Jim Sorgi (1886-1958)
Jim Sorgi (1886-1958)

Animal lovers howled in protest, though, when the inventor suggested that one of his pet dogs might be the first one to be launched. According to the Beacon Journal archives, the outcry was so vociferous that Sorgi decided to give up on the moon project.

He had plenty of other reasons. The science wasn’t quite there yet. If rockets got to the moon, how would travelers return? How would they breathe? How would they survive?

And the cost of developing a space program proved prohibitive as the Great Depression worsened.

Inventor lives to see Space Age

Sorgi returned his attention to making fireworks displays for celebrations, fairs and other special events.

He was still certain that space travel would happen someday.

“In five minutes, you will shoot from Chicago to Cleveland,” he predicted.
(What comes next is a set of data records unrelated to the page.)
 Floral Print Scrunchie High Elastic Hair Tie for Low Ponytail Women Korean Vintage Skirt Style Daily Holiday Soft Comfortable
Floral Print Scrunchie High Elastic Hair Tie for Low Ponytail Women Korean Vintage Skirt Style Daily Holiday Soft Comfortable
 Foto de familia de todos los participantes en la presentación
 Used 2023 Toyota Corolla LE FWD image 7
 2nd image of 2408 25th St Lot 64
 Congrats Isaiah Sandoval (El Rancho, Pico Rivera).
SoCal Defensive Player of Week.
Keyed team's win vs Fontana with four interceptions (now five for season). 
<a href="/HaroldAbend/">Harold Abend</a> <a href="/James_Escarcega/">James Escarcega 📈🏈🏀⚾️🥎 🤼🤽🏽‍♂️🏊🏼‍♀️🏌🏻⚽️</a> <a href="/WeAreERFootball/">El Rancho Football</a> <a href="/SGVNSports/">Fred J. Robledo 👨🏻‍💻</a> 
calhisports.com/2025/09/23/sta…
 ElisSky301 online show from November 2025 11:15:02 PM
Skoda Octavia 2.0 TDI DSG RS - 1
Sorgi, who died Dec. 19, 1958, in Cleveland, lived long enough to witness the Space Age.

In 1957, the Soviet Union launched Sputnik 1, the first artificial satellite, and sent a dog named Laika into orbit aboard Sputnik 2.

The U.S. space program developed around some of the same principles that Sorgi envisioned. Forty years after the Hudson inventor made headlines, Apollo 11 landed on the moon July 20, 1969.

The American Fireworks Co. no longer tries to shoot rockets to the lunar surface but the Sorgi family still owns the business after more than a century. Headquartered at 7041 Darrow Road in Hudson, the company prides itself on its special formulas, handmade craftsmanship, specialized productions and its unusual history.

In the last years of his life, Jim Sorgi was pleased that the U.S. government had embraced the space program.

“I started something,” he used to say. “I’m glad they’re finishing it.”